Excepto quando o filho adoece, vem a dias fixos: segundas e quintas ao início da tarde a chave roda por fora da porta e empanca porque a minha está, por dentro, a tomar o lugar de quem quer entrar. A minha chave não é apenas uma chave que está por dentro da porta: é uma chave que diz que há um dono para aquela porta. Eu levanto-me, abro a porta, ela entra e fica sempre as mesmas horas. Ao fim do mês sei de antemão a quantia que tenho de lhe pagar.

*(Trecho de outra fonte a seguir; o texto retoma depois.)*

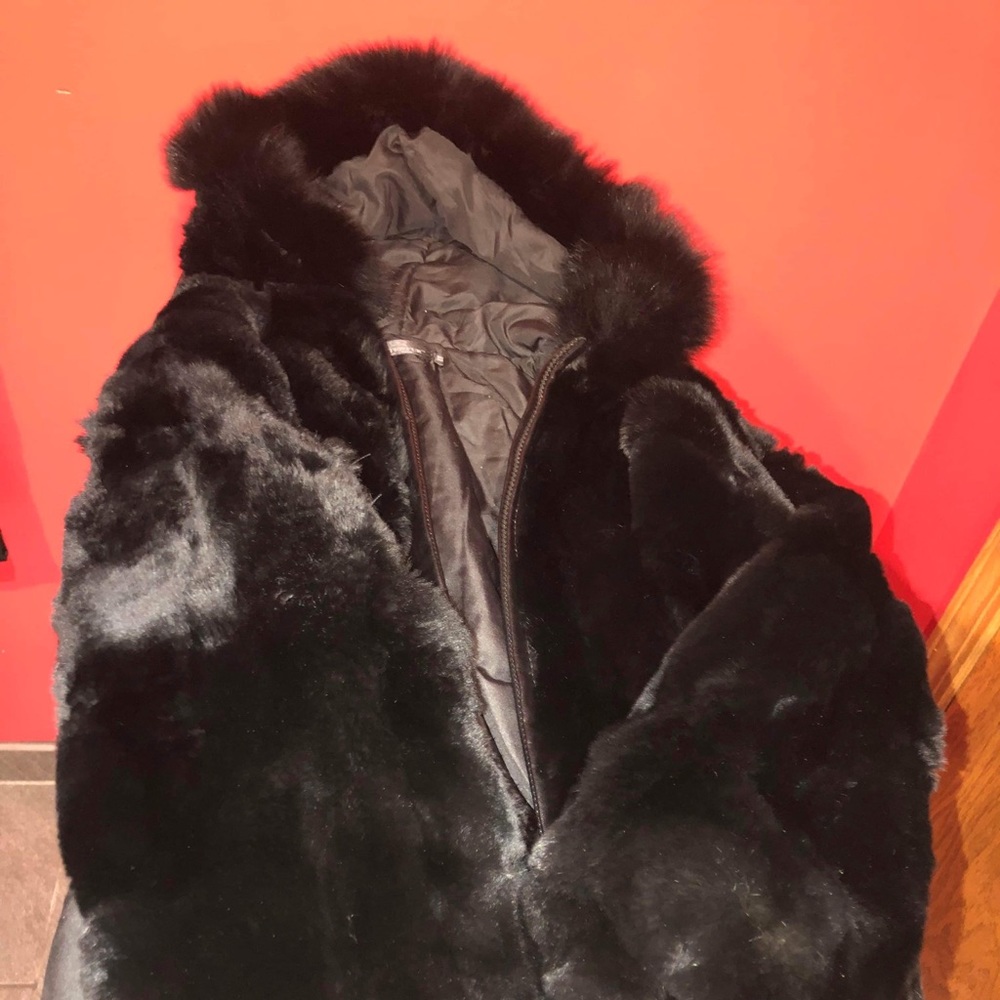 100% authentic Rabbit fur jacket for a kid like new…..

Ela é a empregada. Os amigos sabem tudo sobre a minha vida mas não sabem o nome da minha empregada. E eu não sei o nome da empregada deles. Ninguém sabe o nome das empregadas que os outros empregam. Reparem: empregam. A palavra tem duplo sentido: dar emprego; usar. Como toda a gente, eu emprego-a. Seria um escândalo dizer que a uso para executar uma tarefa que acho menor. Dou-lhe um emprego – e isto traz-me a vaga noção de não ter descido a fasquia em que os meus pais me colocaram, de não ter traído as expectativas da família.
Mas quando em conversa com amigos me refiro à empregada, faço questão de lhe atribuir a graça que os pais lhe deram. Não por um qualquer humanismo paternalista, não por reconhecer uma identidade a esse vago ser que uso. Trato-a pelo nome à conta de uma difusa culpa a que alguém chamou burguesa, palavra que não percebo mas que parece ditar uma boa parte dos meus comportamentos e da minha culpa.
A burguesia não existe, dizem-me. A pós-modernidade acabou com isso, dizem-me. Isso são rótulos, dizem-me. Eu aceito. E enquanto aceito, anualmente aumento o “salário” à tipa que uso para afagar o meu ego social (e, de rabo para o ar, encerar o meu chão). Meio cêntimo à hora, um euro à hora. Ela agradece-me muito. Diz que o senor Juáu ser muito bom com Laryssa. E eu penso que sim, que lhe ofereço condições admiráveis, nem sujo muito para ela não ter canseiras excessivas, por vezes até me dou ao trabalho de ser eu a comprar o “detrejent” que ela diz ter acabado.
E sinto que não sou só eu, não estou só nisto de ser boa pessoa, não sou um tonto ingénuo, os meus amigos também aumentam as suas empregadas cujo nome nunca decorei. Não por culpa burguesa, mas por humanidade para com esses pobres seres vindos de países culturalmente subnutridos, que mal sabem lavar a loiça e deixam tudo fora do sítio – são todas iguais estas empregadas, dizemos por vezes, com a consciência tranquila de sabermos que a burguesia não existe, a pós-modernidade acabou com ela, o mundo mudou e nós somos melhores, mais sofisticados e mais humanos que os nossos pais. Dizem.